Success with Air Plants
No luck with houseplants or just want something new? Try an air plant! These tropical plants are epiphytes, which means they don't need potting soil and require only minimal care. Tiny scales on their leaves, called trichomes, absorb water and nutrients directly from the air, and even help shade the plant from scorching sun. The plants' "roots" are used only for clinging and do not absorb water and nutrients like earthbound plants.
Decorating with Air Plants
Air plants, aka tillandsias, are perfect for craft projects, small-space living, and finally giving brown-thumb gardeners some bragging rights. Tuck them into shells and driftwood crevices, glass baubles and wire baskets, or superglue their roots to stones or wood. Place them amongst your larger houseplants, between the leaves or around the base. They make ideal companions for orchids, cactus and bromeliads. Or, just set them unadorned on a windowsill or sunny shelf.
Light and Temperature
All air plants come from tropical climates where cold and freezing never occur. It's important to keep them at temperatures you find comfortable without a sweater?generally from the 60s and warmer. Avoid placing them close to air conditioner vents and cold winter windows.

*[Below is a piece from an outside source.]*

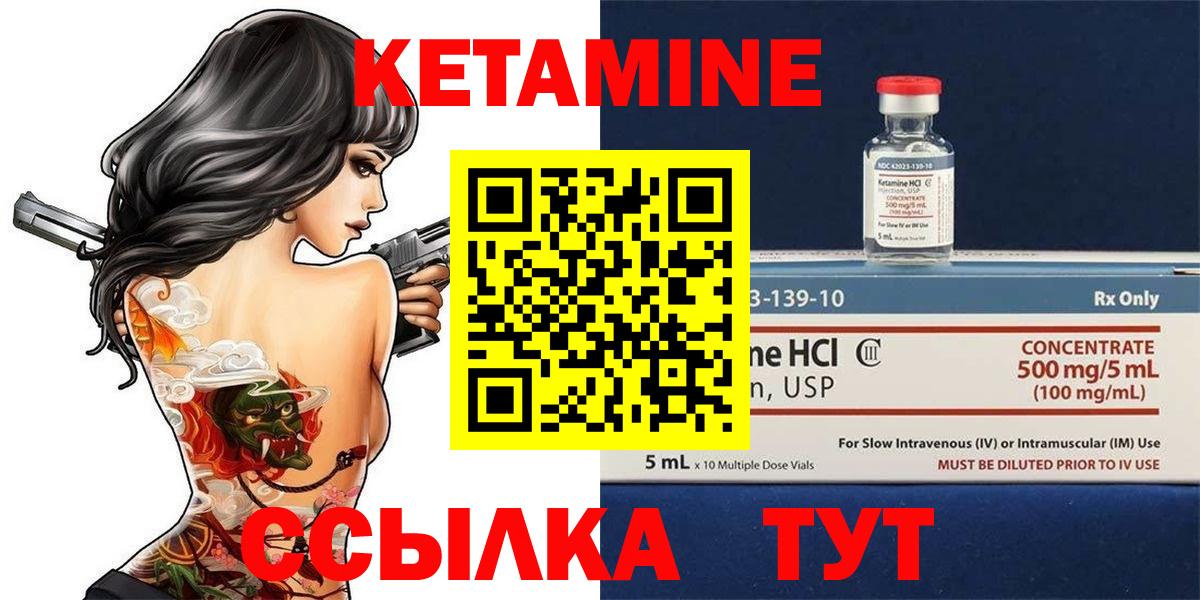 КЕТАМИН ketamine Сызрань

Air plants do best with at least a few hours of bright, indirect sun daily. Placement within 1 to 3 feet of an east- or west-facing window, or within a foot or two of an artificial light source is ideal. If you keep them well watered, they can have hotter, more direct sun and longer exposure. Avoid dimly lit locations.
Watering and Fertilizing
The appearance of your air plant's leaves can give you clues about how to care for it.
Fuzzy leaves with feathery, white, silvery, and dusty coatings indicate xeric types that come from sunny, dry climates, where rainfall is less frequent. Their pronounced trichomes collect maximum water when it falls and hold it for use during dry periods. They need watering only once or twice a week and can tolerate more sun.
Smooth, glossy leaves are most common on mesic types that come from shaded, moist rain and cloud forests, where water is plentiful. They have less pronounced trichomes and less protection from drying out and hot sun. They need more frequent watering.
The best way to water your air plant depends on the plant, its location and your own preferences. Use room temperature tap or rainwater, but never softened water because the salt in it can damage your plants.
Choose the most convenient method for you and your plants:
- Misting is perfect for plants inside globes or displays, and for people who like daily interaction with their plants. Mist three to seven times a week, depending on the type of plant, and try to wet all surfaces.
- Dunking is good for plants that are attached to wood or freestanding, as well as those with dense or very curly leaves that are hard to mist thoroughly. Dip the whole plant briefly into a pan of water or a freshwater fish tank, or put under a running faucet. Use this method two to four times per week for mesic types and once a week for xeric types.
- Soaking helps revive dry plants. Submerge the whole plant for 1 to 3 hours. Use this method once a week or after a period of neglect.
After watering, shake out the excess so that no standing water remains in the center. Let plants dry in a well-ventilated place so they don't remain wet. Water more frequently in air conditioning, hot weather and desert climates, and less frequently in cool, cloudy weather. Tip: When "planting" avoid tucking them into moss that stays damp, which may cause air plants to rot.
Fertilize air plants once or twice a month with a water-soluble orchid or tillandsia fertilizer, following package instructions for dilution. Use the misting or dunking method. These special fertilizers do not contain urea nitrogen, which air plants cannot use. Tip: If your plant is very dry, soak it first, then fertilize it the next day.